Ощупывала неясную тяжесть, распространявшуюся от сердца вниз, до самых кончиков пальцев ее длинных ног, и молчала.
– Знаешь, невероятно! Черная штука – это пылесос. Они счищают им песок с труб.
В автобусе по пути домой Ральфу стало плохо. Уткнувшись побледневшим лицом в стекло, он потел, не отвечал на вопросы Евы, лишь изредка обращая на нее невидящие прозрачные глаза. На автовокзале их ждала вызванная шофером скорая. В ней – по пути в больницу – не приходя в сознание и умер Ральф.
Мышь усыпила компьютер. Потом разбудила. Быстро нашла в сети и включила прослушивание одной русской песенки, в которой работали индийские инструменты. Через две минуты, как и положено, запустилась заставка, и по экрану побежали слайды: вот ледяные шапки на кольях волнолома в Росситтене; вот крупным планом «куриный бог» из Пальмникена; вот тень от тюремного замка Тапиау на песчаном берегу Деймы; вот дворик в гордом некогда Инстербурге, а между двух покосившихся столбов висит разноцветное белье…
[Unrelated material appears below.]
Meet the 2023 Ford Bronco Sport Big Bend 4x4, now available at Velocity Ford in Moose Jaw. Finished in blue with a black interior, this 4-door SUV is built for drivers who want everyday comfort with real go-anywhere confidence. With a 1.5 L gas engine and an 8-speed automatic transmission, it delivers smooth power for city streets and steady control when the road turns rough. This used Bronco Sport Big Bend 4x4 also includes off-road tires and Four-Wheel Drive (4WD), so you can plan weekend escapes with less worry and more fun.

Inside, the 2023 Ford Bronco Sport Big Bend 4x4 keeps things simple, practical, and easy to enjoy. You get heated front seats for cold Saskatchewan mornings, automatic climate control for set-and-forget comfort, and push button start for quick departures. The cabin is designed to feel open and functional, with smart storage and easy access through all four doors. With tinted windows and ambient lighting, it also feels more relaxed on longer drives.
Мышь вспомнила, как однажды вечером она встала в Георгенсвальде, теперь Отрадном, на песке почти у самой воды, и не смогла разглядеть кромку моря – в том месте, в котором всегда начиналось небо. Это была мгла, не туман, она просто заполняла собой все пространство воздуха и воды, сохраняя его объем, и она была синей. Она ничего не обрезала – просто там, где стояла Мышь, заканчивался один мир, а дальше начинался другой. Из того мира в этот доходил лишь шелест.
Слабый плеск.
Мышь отодвинула стул и подошла к балконной двери. Между двумя соседними домами на заслуженном приколе спал экскаватор, в течение пяти рабочих дней усердно рывший котлован под супермаркет спиртных и прочих напитков. Его ковш был приподнят и закреплен в той позе, в какой, согласно ее зрительной памяти, полагается отдыхать ковшам экскаваторов. К кормушке слетелись птицы – они видели Мышь и жаждали насущного хлеба. Она махнула рукой, как бы выплескивая из себя не выговариваемые при всех, даже при птицах, слова; птиц сдуло ветром. Мышь вздохнула, села к столу и открыла текст про маленького финского мальчика, которому в прямую кишку вводит свой член сатана.